ARCHITECTURE: Eduardo Souto de Moura
The work of Eduardo Souto de Moura (25/7/1952- ), combines the abstract minimalism of Mies van der Rohe with a tactile sensitivity and the use of local materials and building techniques. He is one of just two Portuguese recipients of the Pritzker Prize (the other being Álvaro Siza) yet he has never achieved the same International renown as his much fêted colleague. That might seem unreasonable, but considering the fact that Souto de Moura has built very few buildings outside of his native country and that he does not have the same trademark style as Siza, it’s not all that surprising.
By Dimitris Lempesis
Following his early years at the Italian School, Souto de Moura enrolled in the School of Fine Arts in Porto, where he began as an art student, studying sculpture, but eventually achieving his degree in architecture in 1980. He credits a meeting with Donald Judd in Zurich for the switch from art to architecture. While still a student, he worked for architect Noé Dinis and then Álvaro Siza, years. While studying and working with his professor of urbanism, Architect Fernandes de Sá, he received his first commission, a market project in Braga which has since been demolished because of changing business patterns.
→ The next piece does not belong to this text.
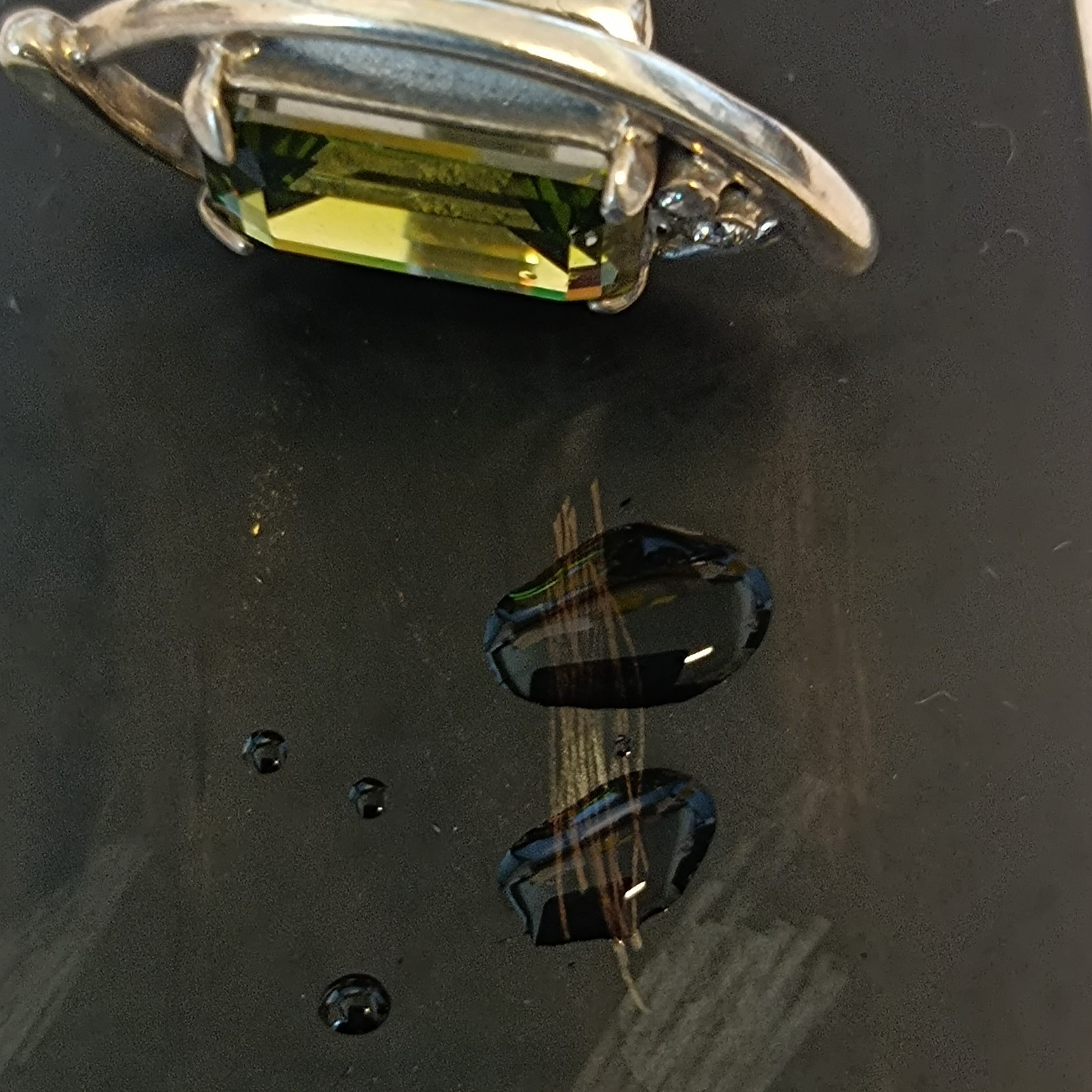 Modernist Statement Ring Sterling Silver Olive Green Stone Rolled Gold Cocktail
He began his career as an independent architect in 1980, after winning a design competition for the Casa das Artes, a cultural center in Porto. In the first decades he primarily focused on residential houses and renovations. However, having gained a fair amount of visibility after designing the Portuguese Pavilion for the EXPO 2000 in Hannover (along with his good friend and one-time employer Álvaro Siza) Souta de Moura’s projects started to vary considerably in both scale and expression. The Burgo Towe in Portugal, designed at the beginning of the ‘90s and built a decade later, consists of two buildings side by side, one vertical and one horizontal with different scales, in dialogue with each other and the urban landscape, the Paula Rêgo Museum, completed in 2008, a grouping of volumes interspersed in the trees at its site in Cascais, Portugal, is both civic and intimate, and so appropriate for the display of art. Other key projects include a museum in Cascais, Portugal, dedicated to the work of local artist Paula Rego, which is composed of a set of geometric volumes in red concrete, and an office complex in Porto that combines a vertical tower and a low, horizontal building. Most recently, he completed a multi-purpose hall extruding from the ground in the small Portuguese seaside town of Viana de Castelo. Aside from the Pritzker Prize, which Souto de Moura received in 2011, he was awarded the Wolf Prize in Arts in 2013 and the Pessoa Prize in 1998 among many others. He also has an honorary doctorate from the Faculty of Architecture and Arts at the Lusíada University in Porto.